Publius feels compelled to immediately address the presidential power to make recess appointments during Senate vacancies. Kind of interesting, isn’t it? If he were going sequentially, he would have addressed presidential election first and gotten to this issue of recess appointments later. But people at the time were worried about this particular power and the prospect of a too-powerful executive.
Hmm. Perhaps they would not be surprised by some of our modern disputes on this subject?
Publius thinks that the Constitution’s opponents are preying upon the “aversion of the people to monarchy.” But the President created by the Constitution is not the same as the King of Great Britain.
The Constitution provides a “general mode of appointing officers of the United States.” People feared that the President would try to appoint Senators. Publius finds that ridiculous. “The first of these two clauses,” Publius notes, “only provides a mode for appointing such officers, ‘whose appointments are NOT OTHERWISE PROVIDED FOR in the Constitution, and which SHALL BE ESTABLISHED BY LAW.’” Obviously this cannot include Senators because Article I of the Constitution already provides for their election. Moreover, the secondary, back-up mode (the recess appointment power) is “nothing more than a supplement” to the first clause.

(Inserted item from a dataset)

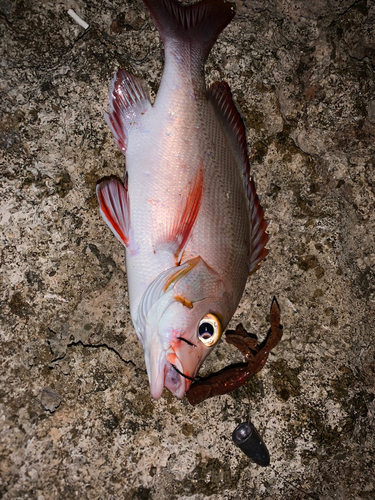 ヒメフエダイの釣果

The reason to have a recess appointment power—at all—was not to change the basic rule. But, Publius observes, it would have been “improper to oblige this body to be continually in session for the appointment of officers.” Thus. the President is given power to fill vacancies during a senatorial recess because “it might be necessary for the public service to fill [some vacancies] without delay.”
Given that the Senate is rarely in recess for an extended period of time these days, you have to wonder if there is EVER really a time when a vacancy must be filled by the President “without delay”? Would the Founders include this clause today?
Publius concludes by noting that the constitutional power is analogous to provisions that occur in some state constitutions as well.
Logistical note for those who care:
You will see various publication dates for this paper. I’ve gone with the one in the Hamilton Papers.